Saturday, February 9, 2013

México: Nine Police Officers Ambushed, Killed in Guerrero

Many of our regular readers may find it noteworthy that the day after six Spanish tourists were gang-raped and their group of fourteen robbed of all of their possessions, which was February 4, nine police officers were ambushed and killed in the state of Guerrero on February 5 by unknown persons.

A tenth officer, although wounded, survived and hopefully will be able to provide authorities valuable information on the assailants.

The officers were in patrol vehicles when the gunmen attacked them on a road in the town of Apaxtla de Castrejon, which is located in a region known as "Tierra Caliente" ("Hot Land") that has seen brutal drug cartel turf wars.

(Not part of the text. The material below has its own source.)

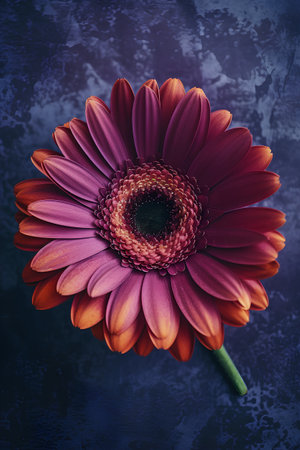 Beautiful gerbera flower on a dark blue background. Toned.の素材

Cocaine shipments that arrive on the Pacific coast are transported through Tierra Caliente -- a region straddling Guerrero, Michoacan and México state -- where marijuana and opium poppies are actively produced.

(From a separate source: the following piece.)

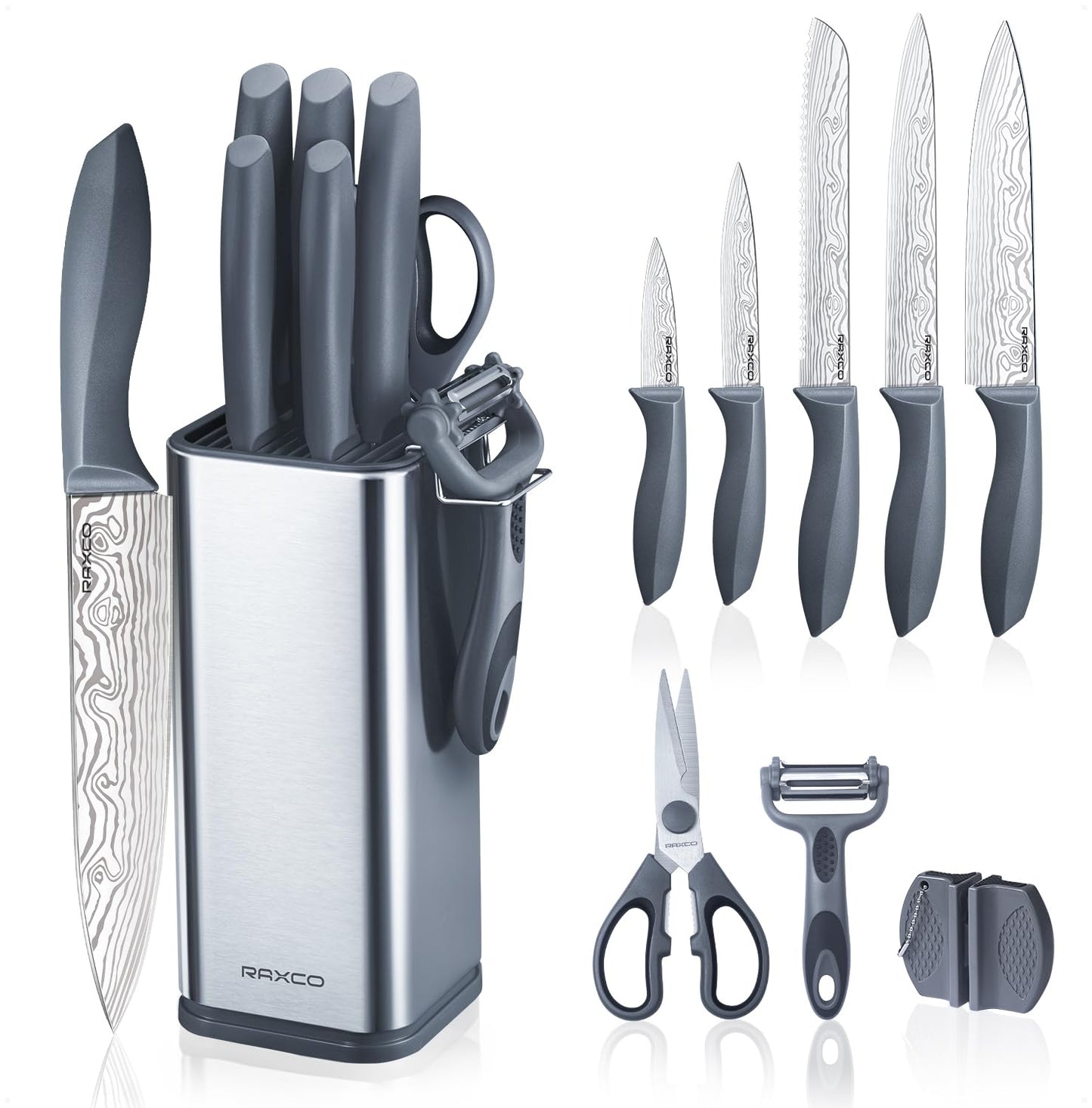 RAXCO 10-Piece Stainless Steel Kitchen Knife Set with Compact Black & NEW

COMMENT: Gangs linked to the powerful Zetas drug cartel are fighting for dominance in Guerrero against the Knights Templar, an offshoot of La Familia Michoacana that first emerged in Michoacan.

Although newly elected President Enrique Peña Nieto took office in December 2012, pledging to shift the drug war's focus towards bringing down the wave of murders, kidnapping and extortion plaguing México, the violence has simply continued.

Although Peña Nieto has announced plans to form a new federal police force modeled after France's  "gendarmerie," because of México's institutionalized police corruption, seeing such a new organization come to fruition may not be much more than a "pipe-dream."

In the short-term, unless President Peña Nieto can convince such countries as Perú, Argentina and Chile to assist in formulating a multinational police effort to neutralize México's cartels from being comparable to parallel governments, México's future does look bright at all, which leaves México's tourism industry on a collision course with the future.